** Given entries follows **

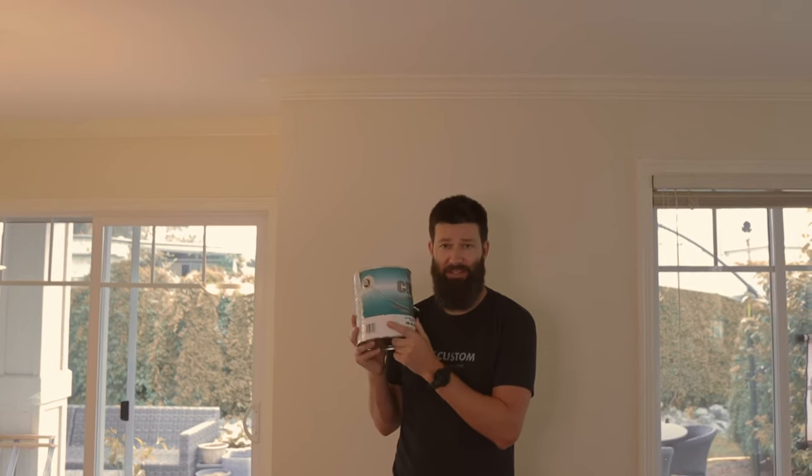If I ever paint another ceiling, I'm definitely going to use this CHB. It wasn't even that expensive — I think they were having a paint sale, but it was $35 Canadian for a gallon, probably regular around $45 or something like that.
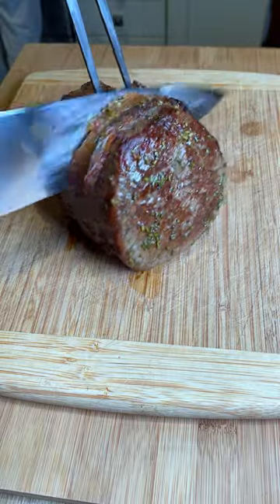Check out the potatoes! Then we finish off 10 more minutes at 180°C. And after 25 minutes total, we're done.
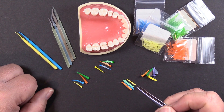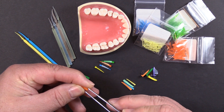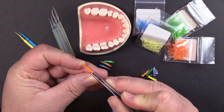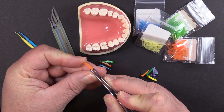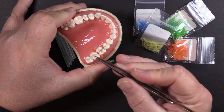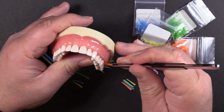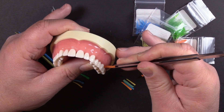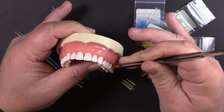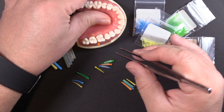A question I get about our plastic wedges is: how do I prevent piercing the gingiva? This applies to all of the plastic wedges. If you're having an issue with that, give the wedge an extra bend at the tip before you insert it — that'll help keep the tip riding up over the gingiva rather than piercing it. Also, use a little bit of a suture-type movement: start with the tip down just a little bit and then rotate it like a suture as you drive it in. It will go in easier that way.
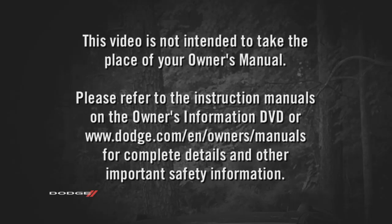Please refer to the instruction manuals on the Owner's Information DVD or dodge.com/en/owners/manuals for complete details and other important safety information.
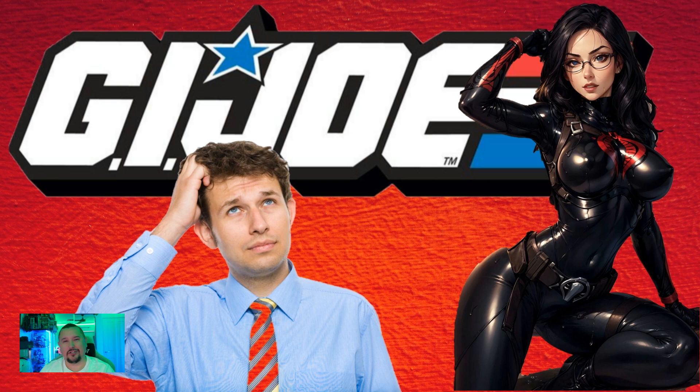G'day everyone. Welcome back to Frostbite's G.I. Joe Repro. I've been doing a lot of these research-type videos recently and listing things that I've found. It's been really great for me because I research one thing and something else falls out of that, and then I just chase the bouncing ball. I've been having a fantastic time checking out all this content and making stuff for you guys. I hope you've been appreciating it or finding it interesting or helpful, because that's what keeps me going — making this stuff for you guys.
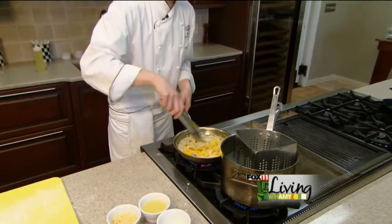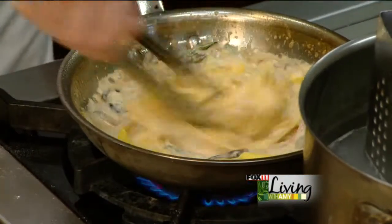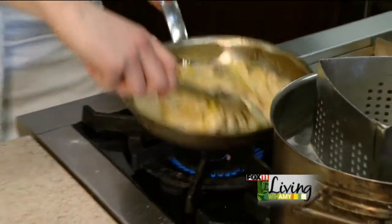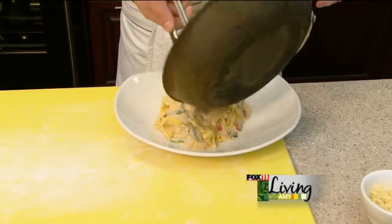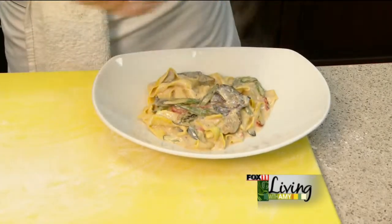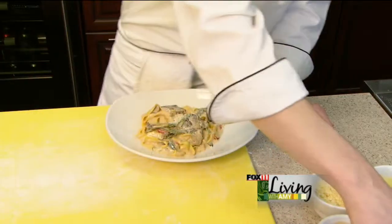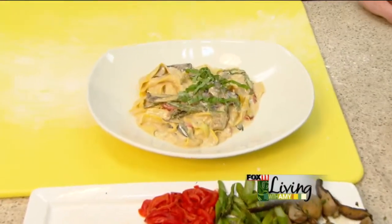The fanciest trick ever known to man, and in all the restaurants, is the twirl. So we'll twirl our pasta up real nice and get those vegetables involved. We'll hit that with some lovely fresh grated stravecchio parmesan, and some fresh chiffonade basil. And there you have it — our Pappardelle pasta from Kachina Kitchen. Thank you.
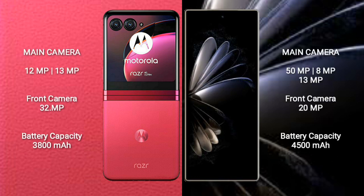Motorola RAZR 40 Ultra has a dual rear camera setup: 12MP plus 13MP, and a 32MP front camera. Xiaomi MIX Fold 2 has a triple rear camera setup: 50MP plus 8MP plus 13MP, and a 20MP front camera.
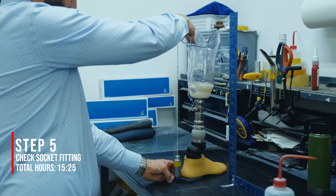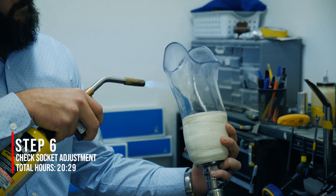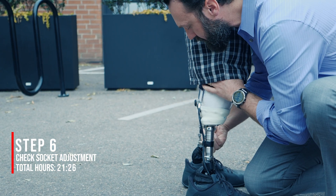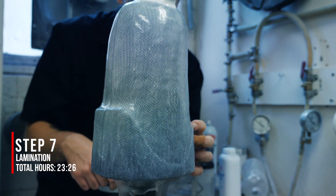We are then ready for patient fitting and alignment. The check socket may need to be adjusted multiple times before the correct fit is achieved. When the patient is satisfied with the fit and comfort, we go to the final step: lamination.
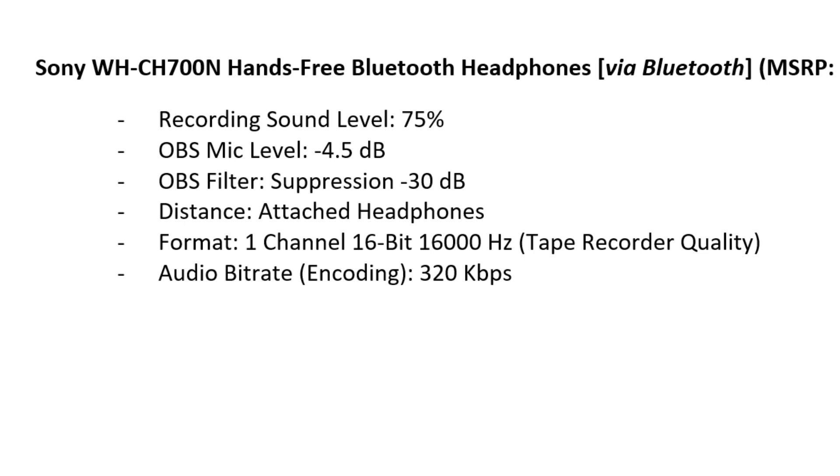This is a test audio recording at normal speaking volume of the Sony WH-CH700N hands-free Bluetooth headphones. Recording sound level 75%. OBS microphone level negative 4.5 dB. OBS filter suppression negative 30 dB. Distance: attached headphones. Format: 1-channel, 16-bit, 16,000 Hz — tape recorder quality — the maximum supported in Bluetooth mode on this headset. Audio bitrate encoding 320 kb.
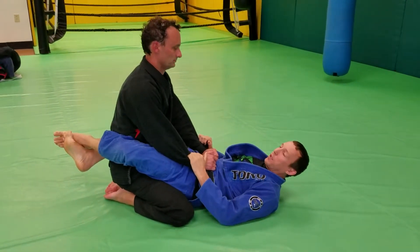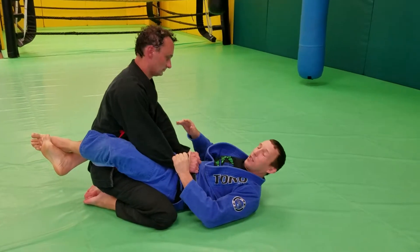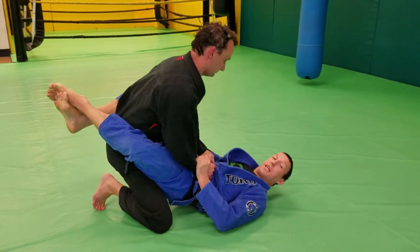Alright guys, we're going to do the pendulum sweep here. I have Ashley in my closed guard. I can do the scissor sweep, I can do the zonji sweep, but if he steps his far side leg up I can't do either one.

** End of Given entries **

▶ **What the task asks**: Return all the material exactly, pictures excluded.

▶ **Response below**:
If I ever paint another ceiling, I'm definitely going to use this CHB. It wasn't even that expensive — I think they were having a paint sale, but it was $35 Canadian for a gallon, probably regular around $45 or something like that.
Check out the potatoes! Then we finish off 10 more minutes at 180°C. And after 25 minutes total, we're done.
A question I get about our plastic wedges is: how do I prevent piercing the gingiva? This applies to all of the plastic wedges. If you're having an issue with that, give the wedge an extra bend at the tip before you insert it — that'll help keep the tip riding up over the gingiva rather than piercing it. Also, use a little bit of a suture-type movement: start with the tip down just a little bit and then rotate it like a suture as you drive it in. It will go in easier that way.
Please refer to the instruction manuals on the Owner's Information DVD or dodge.com/en/owners/manuals for complete details and other important safety information.
G'day everyone. Welcome back to Frostbite's G.I. Joe Repro. I've been doing a lot of these research-type videos recently and listing things that I've found. It's been really great for me because I research one thing and something else falls out of that, and then I just chase the bouncing ball. I've been having a fantastic time checking out all this content and making stuff for you guys. I hope you've been appreciating it or finding it interesting or helpful, because that's what keeps me going — making this stuff for you guys.
The fanciest trick ever known to man, and in all the restaurants, is the twirl. So we'll twirl our pasta up real nice and get those vegetables involved. We'll hit that with some lovely fresh grated stravecchio parmesan, and some fresh chiffonade basil. And there you have it — our Pappardelle pasta from Kachina Kitchen. Thank you.
Motorola RAZR 40 Ultra has a dual rear camera setup: 12MP plus 13MP, and a 32MP front camera. Xiaomi MIX Fold 2 has a triple rear camera setup: 50MP plus 8MP plus 13MP, and a 20MP front camera.
We are then ready for patient fitting and alignment. The check socket may need to be adjusted multiple times before the correct fit is achieved. When the patient is satisfied with the fit and comfort, we go to the final step: lamination.
This is a test audio recording at normal speaking volume of the Sony WH-CH700N hands-free Bluetooth headphones. Recording sound level 75%. OBS microphone level negative 4.5 dB. OBS filter suppression negative 30 dB. Distance: attached headphones. Format: 1-channel, 16-bit, 16,000 Hz — tape recorder quality — the maximum supported in Bluetooth mode on this headset. Audio bitrate encoding 320 kb.
Alright guys, we're going to do the pendulum sweep here. I have Ashley in my closed guard. I can do the scissor sweep, I can do the zonji sweep, but if he steps his far side leg up I can't do either one.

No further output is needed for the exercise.